One of the most challenging aspects of building networked applications is dealing with network dynamics. Networks and endpoints go down, sometimes come back up, and this implies that consumers accessing these services have to respond as these changes occur.
This will be even more true for the Internet of Things (IoT), where a wide variety of devices and a wide variety of networks will be involved to support the use of a micro service. Through no design or programming fault, IoT services and the applications that depend upon them will be less reliable.
How should micro-service consumers respond to failure? That's a good question, as the answer clearly depends upon the application-level needs and requirements.
For example, once loaded an html web page does not need to know/respond to the failure of the web server or the dropping (or changing due to mobility) of the network connecting the browser to the web server. If the user clicks on a link to present another page the load of the page will fail, but for browsing web pages that's a completely acceptable strategy for handling network failure.
On the other hand, consider an IoT application where a real-time data stream is collected from a sensor device. In such a case it might make more sense to have strategy for responding to network and/or device failure such as switching to a backup, or perhaps presenting to a user or admin that the data stream is temporarily unavailable. The larger point is that consumers of a micro service will differ in their requirements for responding to network failures.
What does any of this have to do with micro services? Frequently it falls to the application to not only define a strategy for application-level failure handling, but also to implement the networking code to detect failure and to use this detection to allow an application to implement a failure-handling strategy. This networking code can be a very difficult thing to create, especially if it has to meet multiple service and application-level requirements.
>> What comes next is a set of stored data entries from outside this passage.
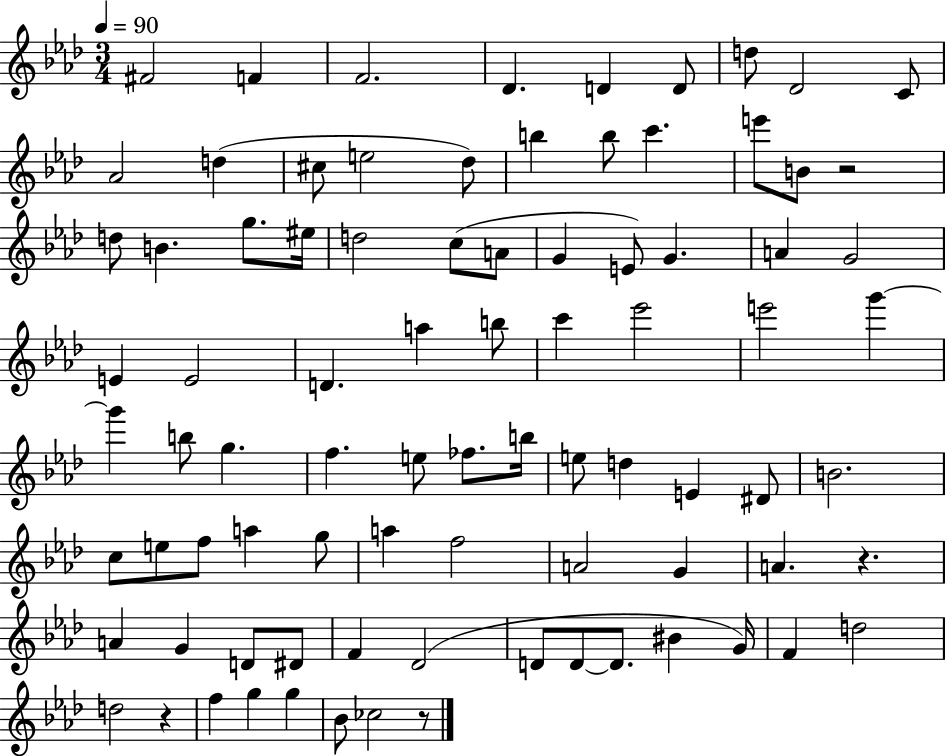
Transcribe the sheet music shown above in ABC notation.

X:1
T:Untitled
M:3/4
L:1/4
K:Ab
^F2 F F2 _D D D/2 d/2 _D2 C/2 _A2 d ^c/2 e2 _d/2 b b/2 c' e'/2 B/2 z2 d/2 B g/2 ^e/4 d2 c/2 A/2 G E/2 G A G2 E E2 D a b/2 c' _e'2 e'2 g' g' b/2 g f e/2 _f/2 b/4 e/2 d E ^D/2 B2 c/2 e/2 f/2 a g/2 a f2 A2 G A z A G D/2 ^D/2 F _D2 D/2 D/2 D/2 ^B G/4 F d2 d2 z f g g _B/2 _c2 z/2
There are now specifications allowing the excellent dynamics support in OSGi Services to be used for Remote Services. The OSGi Service Registry, was designed to support dynamic within-process services. This allows applications to respond to services that come and go dynamically without having to create all the software infrastructure to do so reliably. Further, there are now OSGi specifications for Remote Services, and these allow the same dynamics support to be used to respond to network dynamics.
Since the OSGi service registry is standardized, applications can also use (rather than build) convenient frameworks like Declarative Services/SCR or Spring/Blueprint to respond to network-induced service changes.
In short, the OSGi service registry and Remote Services provide standardized support for micro services dynamics without being bound by implementation to a specific protocol/transport, or even language.